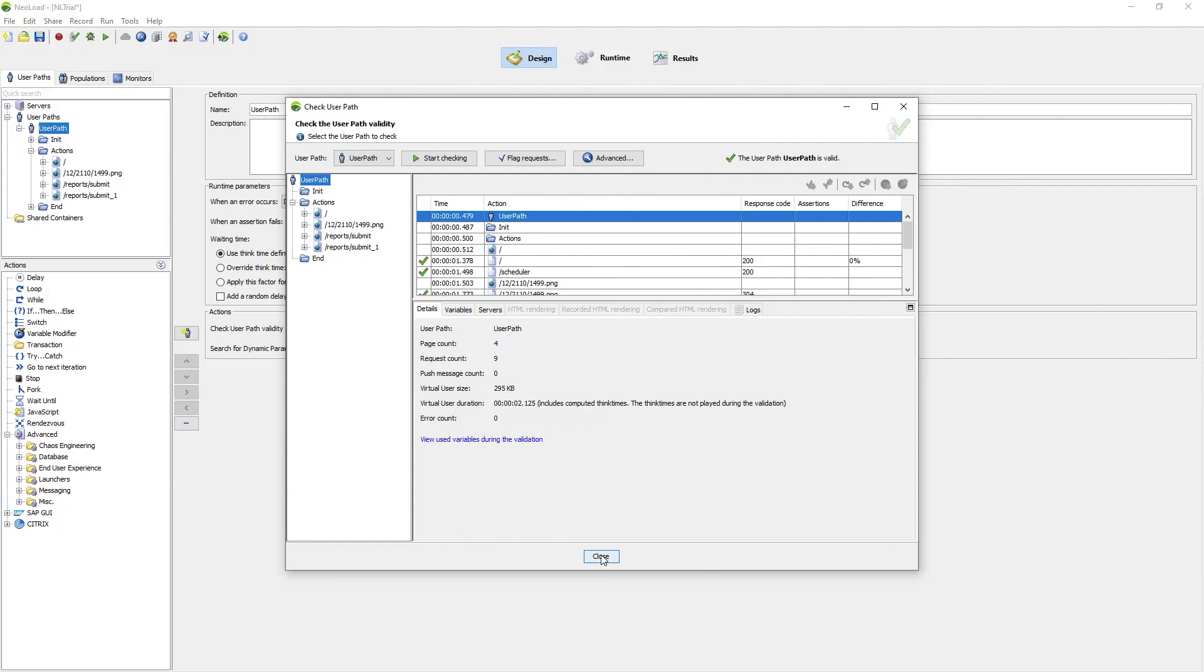This test is now ready to be used in the Neoload performance test. I hope you enjoyed this video. Good luck with your Neoload trial.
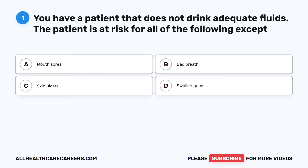Question 1. You have a patient that does not drink adequate fluids. The patient is at risk for all of the following except: A. Mouth sores, B. Bad breath, C. Skin ulcers, D. Swollen gums.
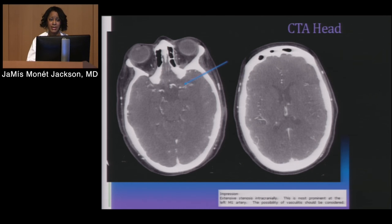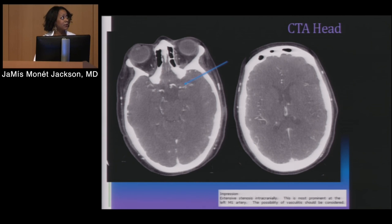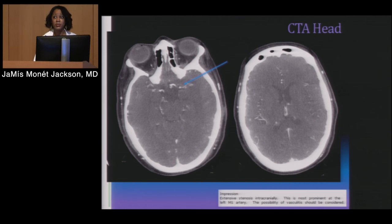This is her CTA. She did have a stroke, but the problem was she had already had multiple strokes because of very bad cerebrovascular disease. She had many areas of stenosis. This is looking at the left middle cerebral artery — the area most affected — which showed up as the stroke, as we'll see in a moment.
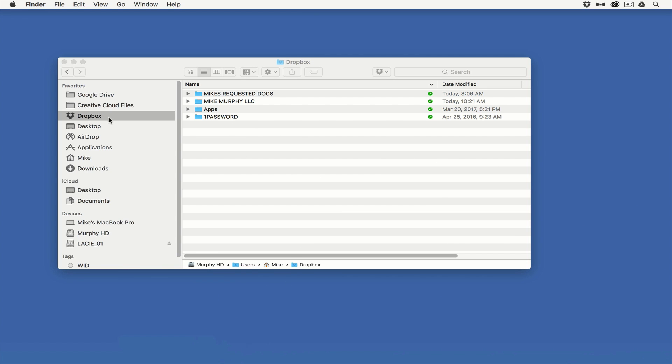However, everything that I drag into Finder also syncs to my local hard drive. So I'm taking up space on my Mac's hard drive and I'm storing everything up in the cloud. That's a problem. The reason I use Dropbox a lot of times is to free up space on my local hard drive.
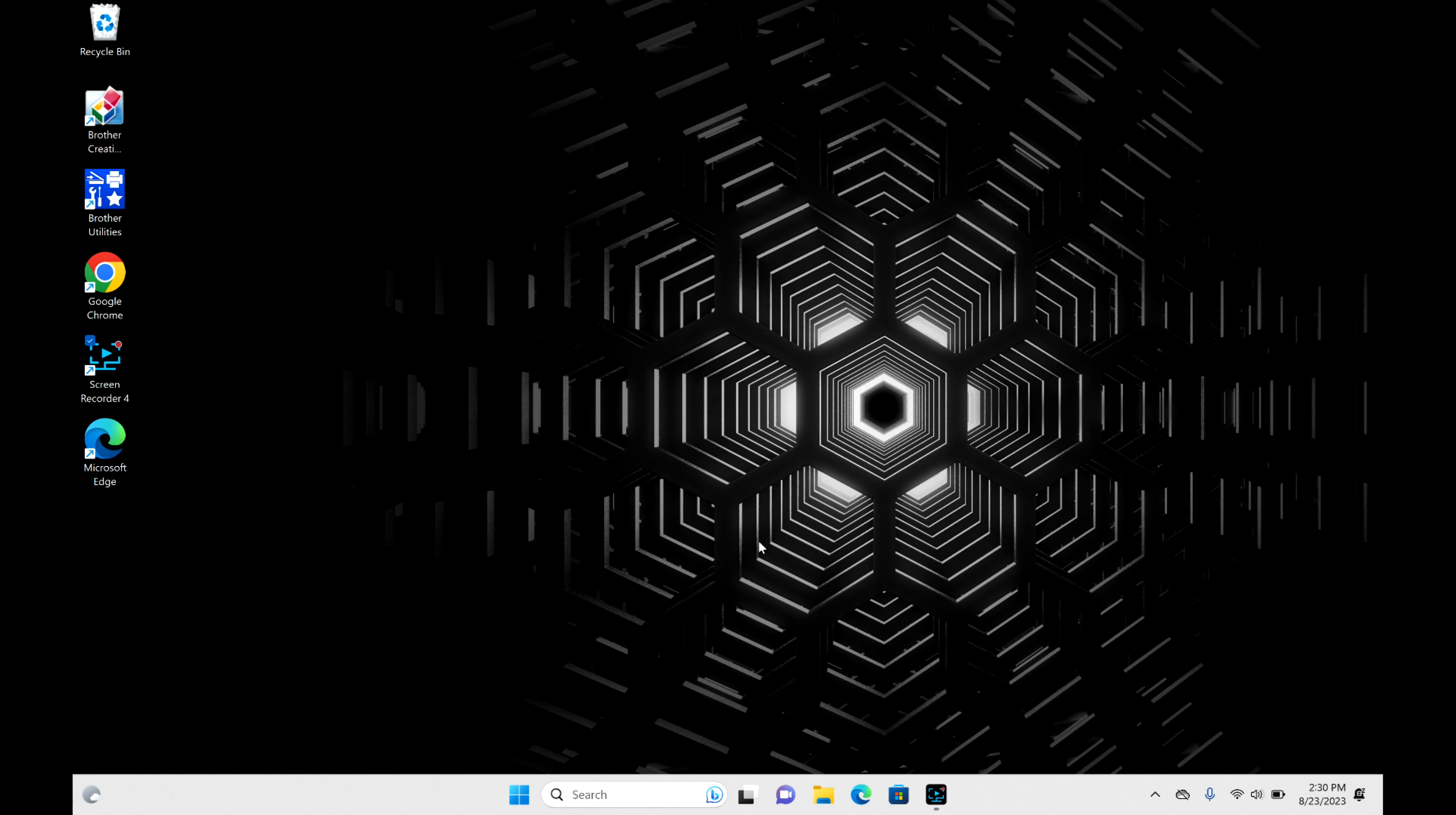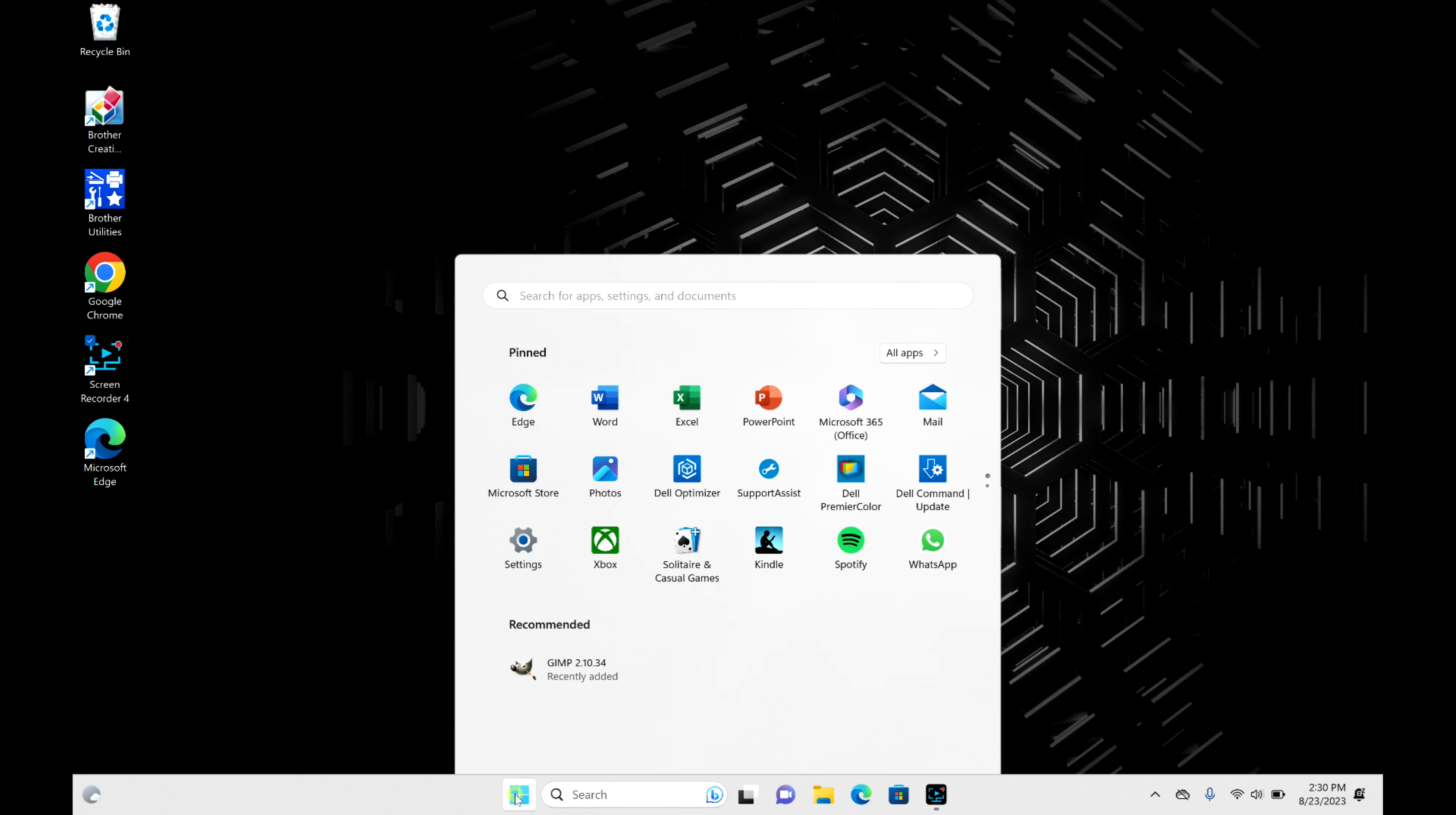Take your mouse and go down to the four square Start button and click on it. Then move over to the power button.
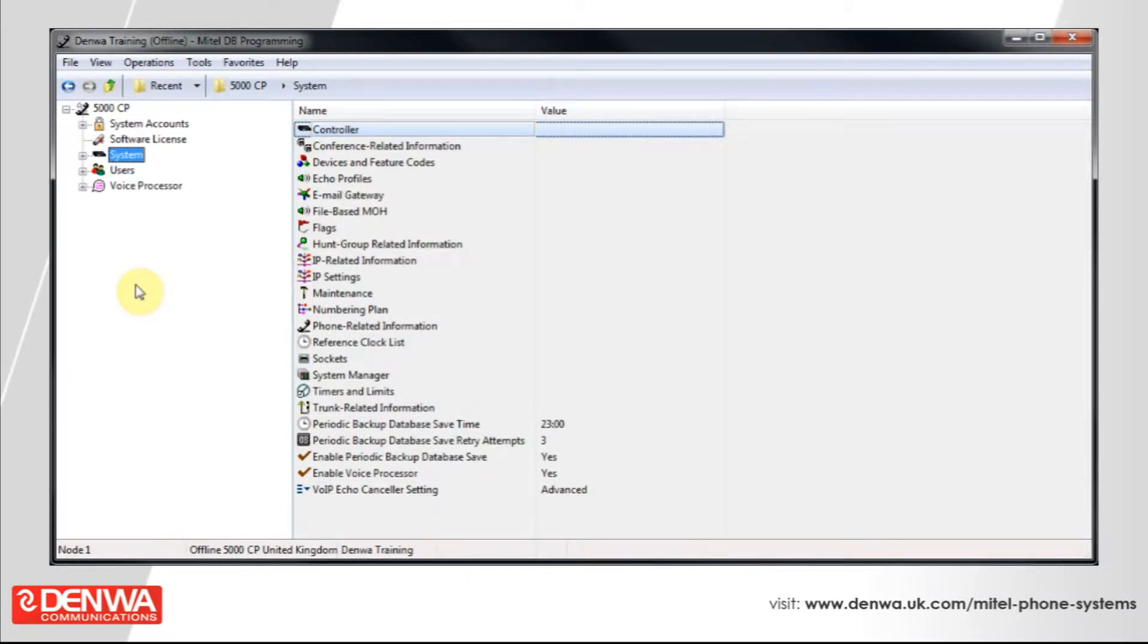A common request that we see on the Denwa Help Desk is, how do I change how long it takes for my phone to go to voicemail when somebody rings me?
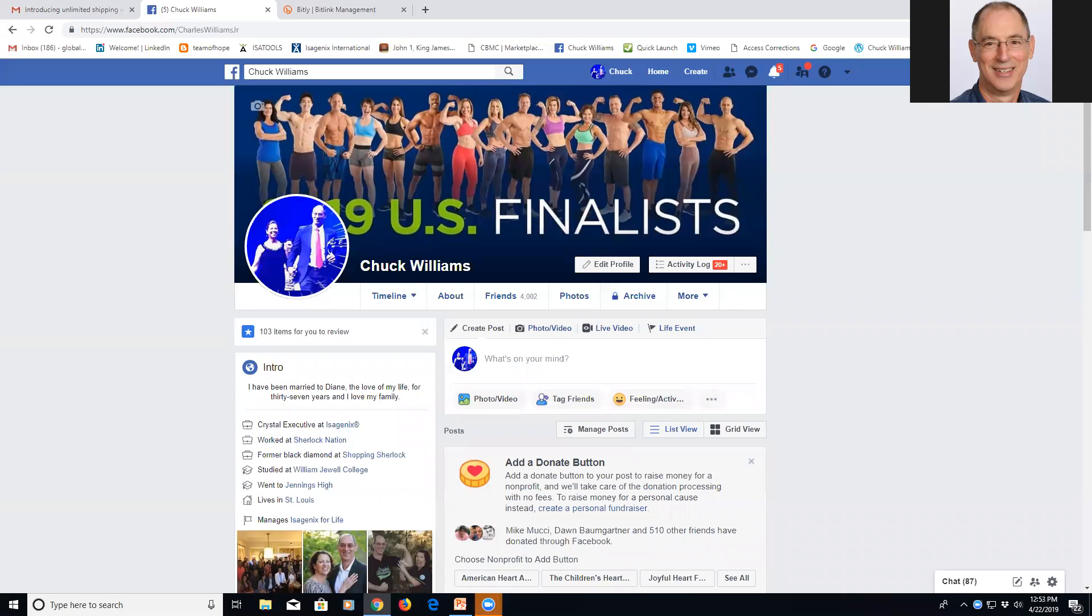Hi, my name is Chuck Williams. This will be a very quick preview of how to do a Facebook live video, to use it and save that link for future use.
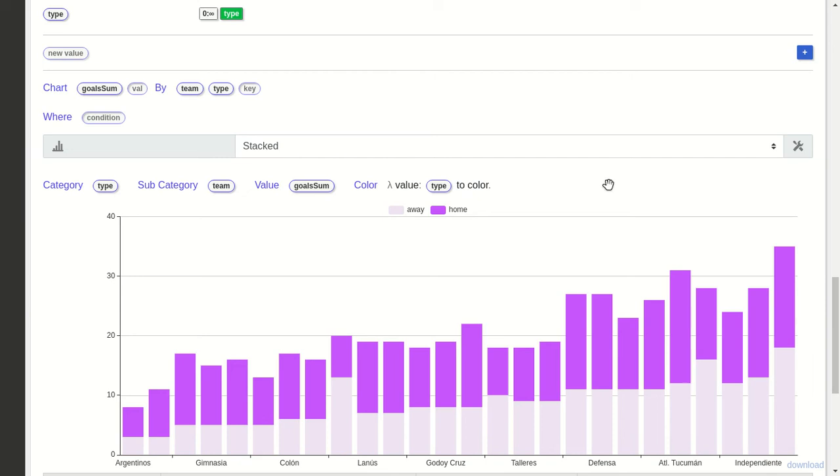Hi, this is Marino from Instadec. In this video we'll see how to create a stacked bar chart showing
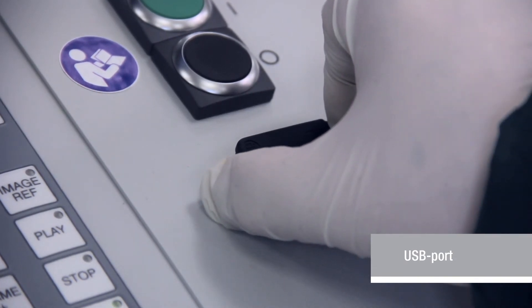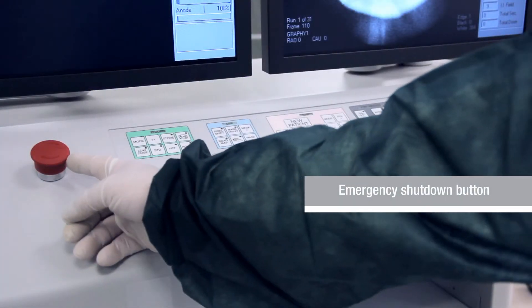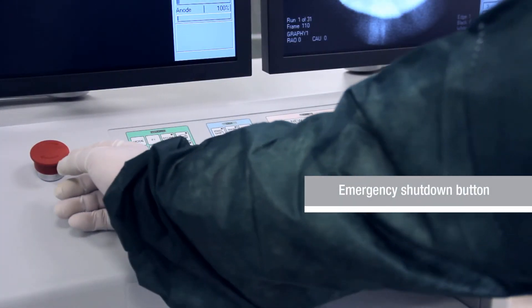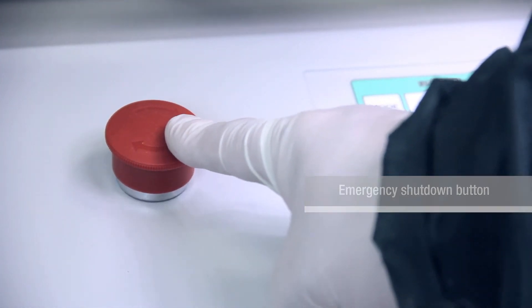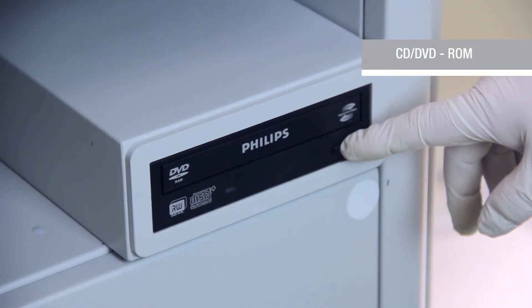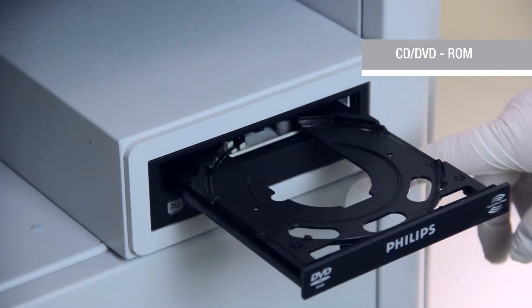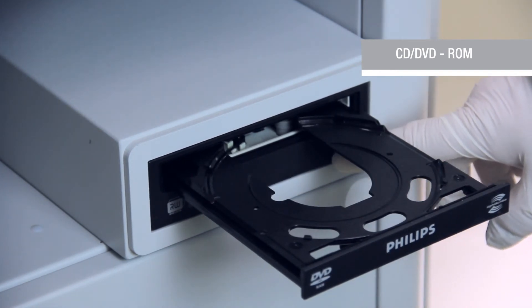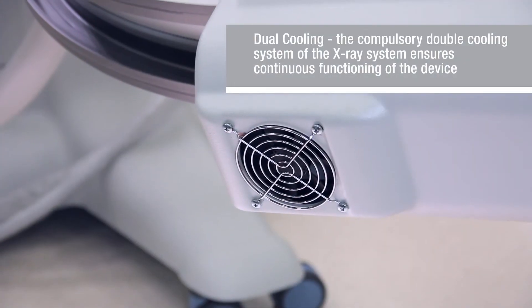All data may be saved to any USB flash drive via the USB port. The system can be stopped with an emergency stop button. A DVD recorder also allows saving information about the study.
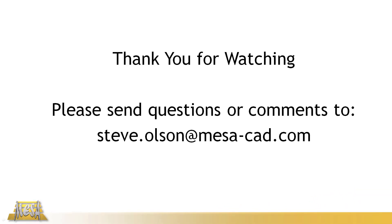I want to thank you for watching this video. If you have any questions or comments, please feel free to email me at my email address on the screen. And again, thank you for watching.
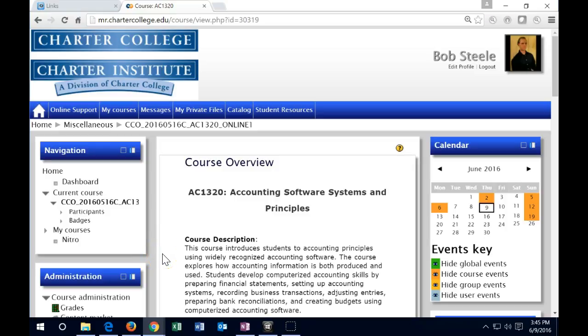Hello and welcome to week 5, the final week of AC 1320, Accounting Software Systems and Principles. Everything is due on Sunday, the final day of the last week. There is no late work accepted on the last class, so make sure to get everything in, including late work and current work.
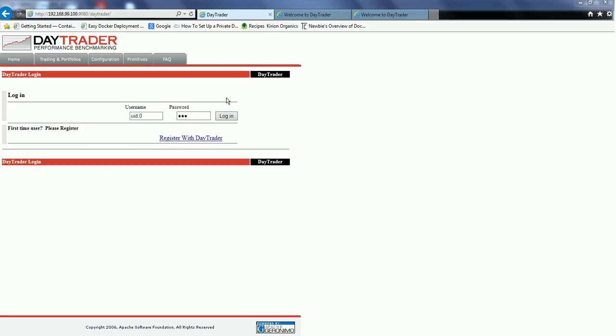As part of this demo you have seen how a new docker image with the Daytrader sample is built using the WebSphere Liberty kernel image as the base image, how using the installUtility the features required by the application are downloaded from the repository and installed, and how the container started using the new image runs the Daytrader sample successfully. Thanks for watching the demo.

++++

What the task requires: In the listing above, find the line with "However, everything that" and the line with "Hi, this is". Transcribe those two and everything between, exactly, leaving out pictures.

Answer to the problem:
However, everything that I drag into Finder also syncs to my local hard drive. So I'm taking up space on my Mac's hard drive and I'm storing everything up in the cloud. That's a problem. The reason I use Dropbox a lot of times is to free up space on my local hard drive.
Take your mouse and go down to the four square Start button and click on it. Then move over to the power button.
A common request that we see on the Denwa Help Desk is, how do I change how long it takes for my phone to go to voicemail when somebody rings me?
Hi, my name is Chuck Williams. This will be a very quick preview of how to do a Facebook live video, to use it and save that link for future use.
Hi, this is Marino from Instadec. In this video we'll see how to create a stacked bar chart showing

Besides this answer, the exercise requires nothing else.